It's just as likely to do with managing your losses (mash tun dead space, kettle trub) rather than mash conversion.
Get in the habit of measuring your kettle volume and specific gravity pre-boil as well, this will help you pinpoint what's going on.


----------



## malt junkie (20/11/17)

Ph and salts can knock your efficiency, but at most 5-10 points. The most likely cause is your crush, if you mill yourself mill a couple hand fulls and take a pic for us. If your grain is milled by your LHBS try a different supplier, I'd recommend any of our site sponsors. You haven't given us too much idea on your mash tun setup F/B? manifold? Linear flow through the bed can also cause efficiency issues. And as above check your loses volumes across your system.

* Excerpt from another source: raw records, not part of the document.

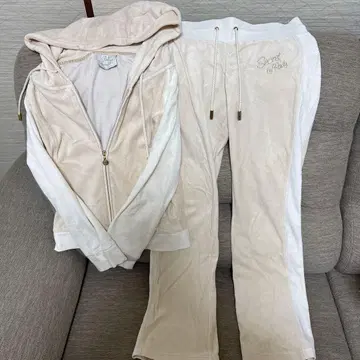 Rady 후드 부착 룸웨어 세트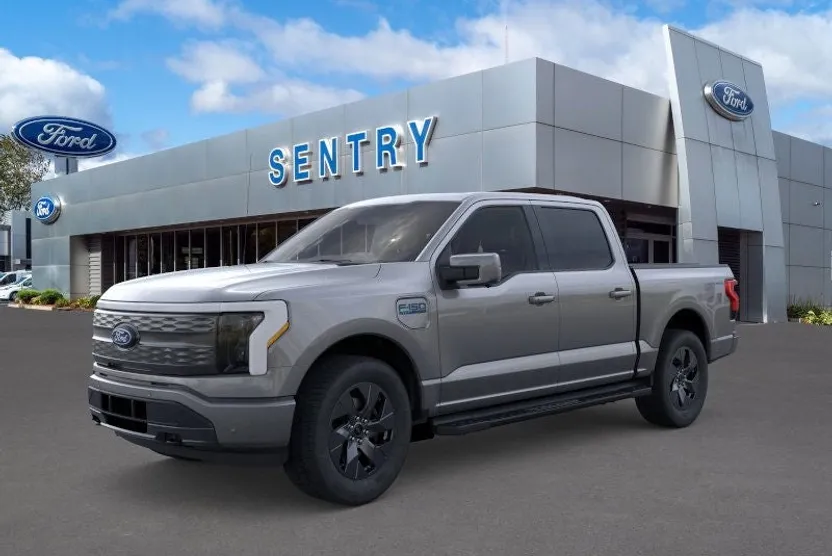 2025 Ford F-150 Lightning Lariat photo 1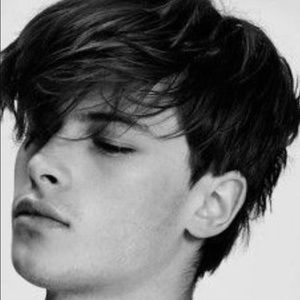 Meet your Posher, Mitchell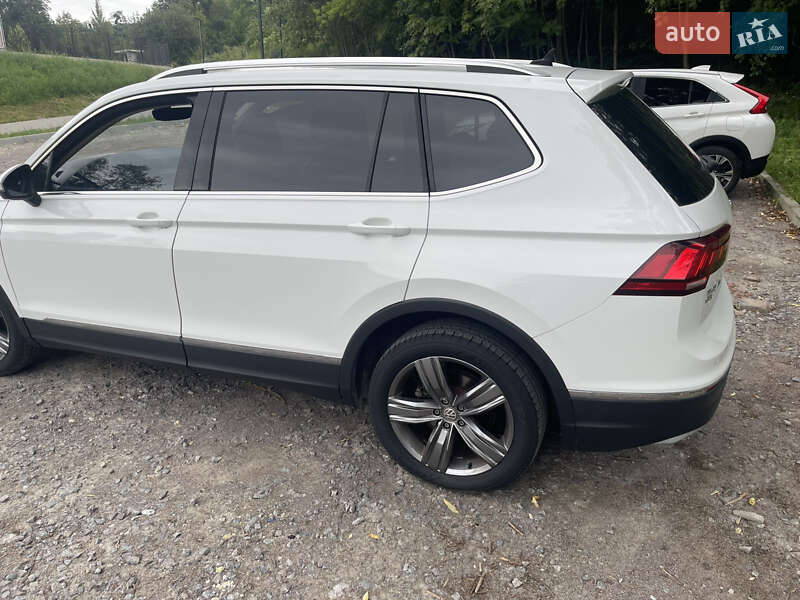 Внедорожник / Кроссовер Volkswagen Tiguan 2019 в Львове фото 5 Внедорожник / Кроссовер Volkswagen Tiguan 2019 в Львове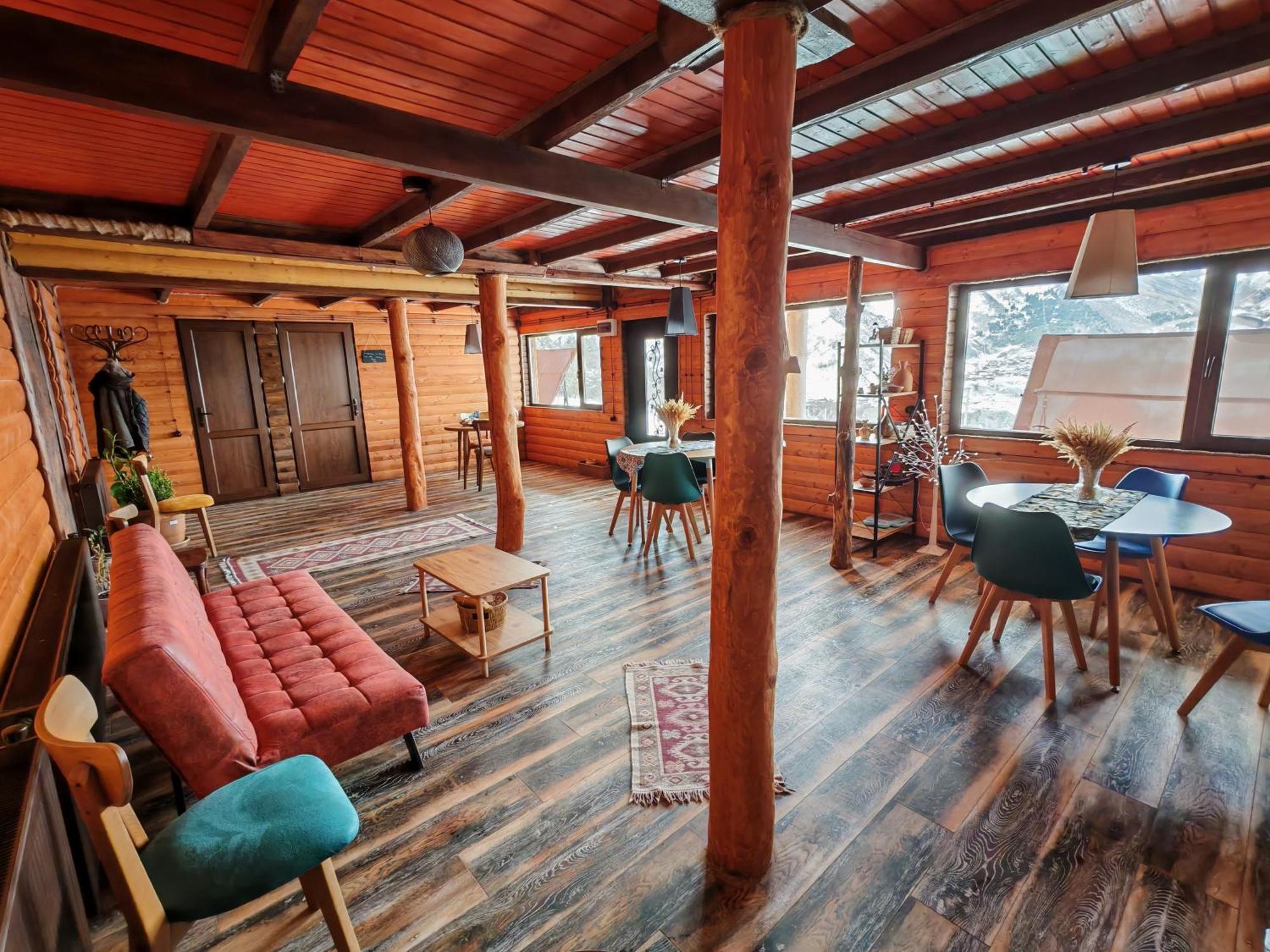 Alone Cottage Kazbegi 部屋 写真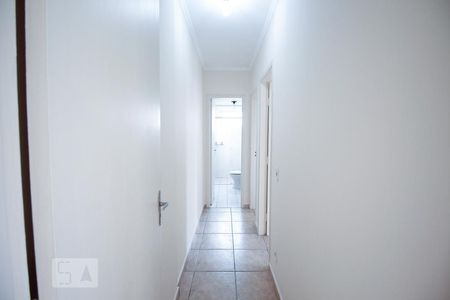 Corredor de apartamento para alugar com 2 quartos, 72m² em Vila do Encontro, São Paulo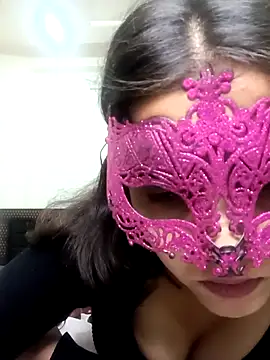 Hottymahi7 online show from 25, 3, 2026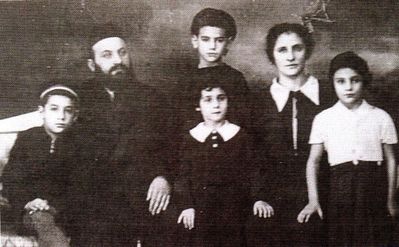 Bar-On (Baron) family in 1937
Left to right: Schimschon, Avraham David, Israel Zeev, Sara, Ethel, Hana Dina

When recirculating any mash:

mash in allow the mash to rest 5-10 min (this allows the grain time to absorb the water)
when first starting the pump, close the outlet to max 1/3 open
 SLOWLY over 10-15 minutes open the valve to desired flow (i'm yet to see any reason to be going flat out unless your using rims or herms and trying to step temps).


----------



## NzBrewerMatt (20/11/17)

Liam_snorkel said:


> what volume of wort did you end up with in the kettle?
> It's just as likely to do with managing your losses (mash tun dead space, kettle trub) rather than mash conversion.
> Get in the habit of measuring your kettle volume and specific gravity pre-boil as well, this will help you pinpoint what's going on.



Ended up with about 27 or so litres in the kettle. About 22 litres made it into the fermenter. 

Yeah I did suspect that about the mash tun dead space. My mash tun does have a dome style of false bottom that only covers up about 2/3 of the mash tun bottom. 

I also suspect some of the values I might have set in BeerSmith to be wrong. (E.G Trub loss)


----------



## NzBrewerMatt (20/11/17)

malt junkie said:


> Ph and salts can knock your efficiency, but at most 5-10 points. The most likely cause is your crush, if you mill yourself mill a couple hand fulls and take a pic for us. If your grain is milled by your LHBS try a different supplier, I'd recommend any of our site sponsors. You haven't given us too much idea on your mash tun setup F/B? manifold? Linear flow through the bed can also cause efficiency issues. And as above check your loses volumes across your system.
> 
> When recirculating any mash:
> 
> ...


The grain crush happens at my LHBS. I inspected the grains and they looked to be crushed well.

My mash tun is 56L and has a domed false bottom as pictured below. When I recirculate, I'm recirculating into a strainer pot sort of thing that disperses the wort. Not sure how effective this is, however.


----------



## Liam_snorkel (20/11/17)

NzBrewerMatt said:


> Ended up with about 27 or so litres in the kettle. About 22 litres made it into the fermenter.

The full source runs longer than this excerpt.